**WHAT IS EXPECTED:** What do the lines say, reproduced word for word, from the first of the entries below through the line bearing "Fresh Cut Christmas"?

(ENTRIES SHOWN)

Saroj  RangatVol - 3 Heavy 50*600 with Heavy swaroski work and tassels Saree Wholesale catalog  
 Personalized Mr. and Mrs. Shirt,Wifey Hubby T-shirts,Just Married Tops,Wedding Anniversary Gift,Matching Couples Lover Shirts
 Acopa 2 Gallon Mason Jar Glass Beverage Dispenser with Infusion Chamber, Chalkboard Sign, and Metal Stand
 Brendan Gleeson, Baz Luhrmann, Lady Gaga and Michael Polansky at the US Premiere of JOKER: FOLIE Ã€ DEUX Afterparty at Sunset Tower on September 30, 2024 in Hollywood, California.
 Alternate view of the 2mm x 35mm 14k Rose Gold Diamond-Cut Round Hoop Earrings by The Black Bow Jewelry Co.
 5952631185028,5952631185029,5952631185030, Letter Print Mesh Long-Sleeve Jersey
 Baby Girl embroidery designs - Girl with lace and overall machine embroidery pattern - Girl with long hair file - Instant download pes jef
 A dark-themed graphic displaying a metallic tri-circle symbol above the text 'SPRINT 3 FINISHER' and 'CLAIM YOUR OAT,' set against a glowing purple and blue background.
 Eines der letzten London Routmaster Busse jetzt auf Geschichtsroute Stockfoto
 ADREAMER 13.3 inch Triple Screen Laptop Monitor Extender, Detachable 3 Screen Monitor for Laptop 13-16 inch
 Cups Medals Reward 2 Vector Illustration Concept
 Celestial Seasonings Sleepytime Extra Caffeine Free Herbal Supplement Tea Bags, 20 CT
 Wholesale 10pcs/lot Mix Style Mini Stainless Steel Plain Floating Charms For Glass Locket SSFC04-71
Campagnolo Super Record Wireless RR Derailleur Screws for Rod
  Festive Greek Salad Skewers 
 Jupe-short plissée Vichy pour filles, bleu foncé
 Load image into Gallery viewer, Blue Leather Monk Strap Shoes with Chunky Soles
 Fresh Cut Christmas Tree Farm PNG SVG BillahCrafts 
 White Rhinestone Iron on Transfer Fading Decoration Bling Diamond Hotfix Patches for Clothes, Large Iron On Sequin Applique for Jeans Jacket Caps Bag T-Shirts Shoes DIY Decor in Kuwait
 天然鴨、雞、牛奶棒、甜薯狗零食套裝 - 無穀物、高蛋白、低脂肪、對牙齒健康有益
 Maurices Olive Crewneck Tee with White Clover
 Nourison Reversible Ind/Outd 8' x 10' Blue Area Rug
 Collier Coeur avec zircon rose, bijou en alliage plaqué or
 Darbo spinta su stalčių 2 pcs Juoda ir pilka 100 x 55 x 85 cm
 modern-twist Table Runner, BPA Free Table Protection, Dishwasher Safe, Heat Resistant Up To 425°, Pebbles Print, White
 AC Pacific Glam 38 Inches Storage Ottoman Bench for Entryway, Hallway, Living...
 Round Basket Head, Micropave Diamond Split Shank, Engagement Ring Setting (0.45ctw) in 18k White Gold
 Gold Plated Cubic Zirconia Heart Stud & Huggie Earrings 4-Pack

(End ENTRIES SHOWN)

**TASK RESPONSE:**
Saroj  RangatVol - 3 Heavy 50*600 with Heavy swaroski work and tassels Saree Wholesale catalog  
 Personalized Mr. and Mrs. Shirt,Wifey Hubby T-shirts,Just Married Tops,Wedding Anniversary Gift,Matching Couples Lover Shirts
 Acopa 2 Gallon Mason Jar Glass Beverage Dispenser with Infusion Chamber, Chalkboard Sign, and Metal Stand
 Brendan Gleeson, Baz Luhrmann, Lady Gaga and Michael Polansky at the US Premiere of JOKER: FOLIE Ã€ DEUX Afterparty at Sunset Tower on September 30, 2024 in Hollywood, California.
 Alternate view of the 2mm x 35mm 14k Rose Gold Diamond-Cut Round Hoop Earrings by The Black Bow Jewelry Co.
 5952631185028,5952631185029,5952631185030, Letter Print Mesh Long-Sleeve Jersey
 Baby Girl embroidery designs - Girl with lace and overall machine embroidery pattern - Girl with long hair file - Instant download pes jef
 A dark-themed graphic displaying a metallic tri-circle symbol above the text 'SPRINT 3 FINISHER' and 'CLAIM YOUR OAT,' set against a glowing purple and blue background.
 Eines der letzten London Routmaster Busse jetzt auf Geschichtsroute Stockfoto
 ADREAMER 13.3 inch Triple Screen Laptop Monitor Extender, Detachable 3 Screen Monitor for Laptop 13-16 inch
 Cups Medals Reward 2 Vector Illustration Concept
 Celestial Seasonings Sleepytime Extra Caffeine Free Herbal Supplement Tea Bags, 20 CT
 Wholesale 10pcs/lot Mix Style Mini Stainless Steel Plain Floating Charms For Glass Locket SSFC04-71
Campagnolo Super Record Wireless RR Derailleur Screws for Rod
  Festive Greek Salad Skewers 
 Jupe-short plissée Vichy pour filles, bleu foncé
 Load image into Gallery viewer, Blue Leather Monk Strap Shoes with Chunky Soles
 Fresh Cut Christmas Tree Farm PNG SVG BillahCrafts 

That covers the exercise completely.